Determining the Accuracy of Mobility Analysis Using Big Data
CEE Assistant Professor Ryan Wang, in collaboration with Cynthia Chen and Shuai Huang from the University of Washington, was awarded a $700K NSF grant for “A Whole-Community Effort to Understand Biases and Uncertainties in Using Emerging Big Data for Mobility Analysis.”
Abstract Source: NSF
This NSF grant will quantify the biases and uncertainties associated with human mobility patterns when they are derived from big mobile data such as cell phone data, mobile app data and social media data. Information on human mobility patterns, or where and how Americans live, work and go about their daily activities, is the basis of hundreds of billions’ investment for the nation’s transportation infrastructures. These investment decisions have a direct impact on Americans’ upward social mobility, health, and well-being. The project is motivated by two factors: first, big mobile data increasingly replaces traditional household survey data in mobility analysis; and second, big mobile data is fundamentally unrepresentative (and biased) and a direct application of the results derived from such data can have substantial negative impacts on Americans’ health, prosperity and welfare. Novel education and outreach activities organically integrated with the research, including a collaboration with the Boston Museum of Science for a digital exhibit on mobility tales around the world, and a mini-track competition with MetroLab on “future mobility and justice for students around the world.”

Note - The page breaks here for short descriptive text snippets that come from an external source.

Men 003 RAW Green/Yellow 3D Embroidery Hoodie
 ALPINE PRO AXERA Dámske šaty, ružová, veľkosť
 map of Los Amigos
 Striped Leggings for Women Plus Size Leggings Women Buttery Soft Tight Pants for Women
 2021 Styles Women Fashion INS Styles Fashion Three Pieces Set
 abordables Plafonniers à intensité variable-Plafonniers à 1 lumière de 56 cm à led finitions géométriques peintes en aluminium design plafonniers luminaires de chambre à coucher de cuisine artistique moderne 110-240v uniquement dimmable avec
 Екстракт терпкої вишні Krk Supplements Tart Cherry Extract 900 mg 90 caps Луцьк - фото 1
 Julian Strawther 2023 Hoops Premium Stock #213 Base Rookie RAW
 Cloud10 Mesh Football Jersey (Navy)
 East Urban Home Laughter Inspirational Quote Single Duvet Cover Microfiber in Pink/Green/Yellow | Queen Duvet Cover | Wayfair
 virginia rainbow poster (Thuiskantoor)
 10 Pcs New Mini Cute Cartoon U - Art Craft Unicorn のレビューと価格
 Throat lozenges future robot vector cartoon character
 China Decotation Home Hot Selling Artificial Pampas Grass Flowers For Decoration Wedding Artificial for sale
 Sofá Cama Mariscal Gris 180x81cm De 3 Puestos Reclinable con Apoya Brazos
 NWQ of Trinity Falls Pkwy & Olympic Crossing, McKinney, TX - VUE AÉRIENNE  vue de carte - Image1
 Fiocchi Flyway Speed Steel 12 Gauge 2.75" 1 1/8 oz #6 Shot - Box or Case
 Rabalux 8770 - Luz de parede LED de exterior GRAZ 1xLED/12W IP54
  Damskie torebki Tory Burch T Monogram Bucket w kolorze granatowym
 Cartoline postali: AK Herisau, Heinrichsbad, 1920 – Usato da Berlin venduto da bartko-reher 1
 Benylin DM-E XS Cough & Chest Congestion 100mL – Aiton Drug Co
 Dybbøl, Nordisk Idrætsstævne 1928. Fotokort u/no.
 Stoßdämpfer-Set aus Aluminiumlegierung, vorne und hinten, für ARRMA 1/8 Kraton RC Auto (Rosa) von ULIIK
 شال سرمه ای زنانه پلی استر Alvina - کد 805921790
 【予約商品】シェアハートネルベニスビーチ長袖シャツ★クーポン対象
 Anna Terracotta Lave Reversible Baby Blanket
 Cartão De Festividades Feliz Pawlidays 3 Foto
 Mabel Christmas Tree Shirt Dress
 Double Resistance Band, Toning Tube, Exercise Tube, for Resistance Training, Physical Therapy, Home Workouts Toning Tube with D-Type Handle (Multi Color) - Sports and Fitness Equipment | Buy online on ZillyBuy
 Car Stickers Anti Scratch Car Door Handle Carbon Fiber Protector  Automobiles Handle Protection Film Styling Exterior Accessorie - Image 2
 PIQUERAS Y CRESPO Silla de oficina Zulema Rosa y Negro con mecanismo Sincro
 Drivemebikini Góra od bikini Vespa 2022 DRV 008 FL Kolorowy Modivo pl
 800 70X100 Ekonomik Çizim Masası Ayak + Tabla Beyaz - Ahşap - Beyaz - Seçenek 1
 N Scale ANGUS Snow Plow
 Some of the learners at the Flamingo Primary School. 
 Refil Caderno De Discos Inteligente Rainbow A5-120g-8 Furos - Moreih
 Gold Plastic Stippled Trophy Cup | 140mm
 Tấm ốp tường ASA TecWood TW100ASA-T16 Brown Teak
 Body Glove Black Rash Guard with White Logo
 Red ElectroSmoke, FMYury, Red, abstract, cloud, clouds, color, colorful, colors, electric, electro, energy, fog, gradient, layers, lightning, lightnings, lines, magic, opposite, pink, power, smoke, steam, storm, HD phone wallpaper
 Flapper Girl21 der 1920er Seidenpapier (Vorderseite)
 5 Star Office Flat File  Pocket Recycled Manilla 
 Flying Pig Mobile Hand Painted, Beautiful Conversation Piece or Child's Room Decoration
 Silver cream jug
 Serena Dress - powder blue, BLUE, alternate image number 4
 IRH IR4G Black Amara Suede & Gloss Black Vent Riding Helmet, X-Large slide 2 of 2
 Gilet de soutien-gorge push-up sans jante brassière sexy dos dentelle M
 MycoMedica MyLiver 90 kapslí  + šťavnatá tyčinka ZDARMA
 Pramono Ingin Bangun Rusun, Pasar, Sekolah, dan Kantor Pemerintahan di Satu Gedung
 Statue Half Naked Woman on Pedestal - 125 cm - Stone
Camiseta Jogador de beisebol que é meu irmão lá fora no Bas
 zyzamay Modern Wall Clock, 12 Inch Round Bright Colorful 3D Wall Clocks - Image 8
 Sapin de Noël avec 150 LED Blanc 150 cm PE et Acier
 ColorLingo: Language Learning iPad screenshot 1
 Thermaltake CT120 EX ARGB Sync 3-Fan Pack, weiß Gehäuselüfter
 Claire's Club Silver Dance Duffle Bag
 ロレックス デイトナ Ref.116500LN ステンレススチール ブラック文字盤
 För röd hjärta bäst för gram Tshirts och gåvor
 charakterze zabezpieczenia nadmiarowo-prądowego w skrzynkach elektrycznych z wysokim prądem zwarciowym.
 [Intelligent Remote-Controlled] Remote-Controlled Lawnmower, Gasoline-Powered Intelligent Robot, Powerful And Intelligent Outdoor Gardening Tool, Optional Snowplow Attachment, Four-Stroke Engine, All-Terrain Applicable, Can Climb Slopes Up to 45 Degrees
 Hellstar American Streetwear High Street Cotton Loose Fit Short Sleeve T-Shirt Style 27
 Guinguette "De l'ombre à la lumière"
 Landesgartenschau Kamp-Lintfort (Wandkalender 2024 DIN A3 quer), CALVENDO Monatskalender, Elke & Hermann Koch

In addition to quantifying the biases and uncertainties associated with mobility patterns, this grant will also identify the extent those biases and uncertainties are affected by a number of factors, e.g., data characteristics, the modeling techniques used, and geographical differences. More specifically, the project comprises three research thrusts. Thrust 1 engages stakeholders and the research community to develop a solicitation calling for mobility labs around the world to submit critical mobility metrics, using their own data and methods. Thrust 2 involves the development of two novel methodologies: a coupled Bootstrap computational framework to quantify biases and uncertainties associated with derived mobility metrics and a rule-based learning framework to handle sparsity issues that likely arise during the analysis stage. Thrust 3 involves all participating labs for results summarization and dissemination. The project will unite multiple disciplines from transportation engineering to systems engineering, computer/information science, and social science in a concerted effort for better understanding the uncertainties and biases in mobility analysis when big mobile data is used. The results from the project will also provide practical insights for practitioners in using big mobile data for mobility analysis.
This award reflects NSF’s statutory mission and has been deemed worthy of support through evaluation using the Foundation’s intellectual merit and broader impacts review criteria.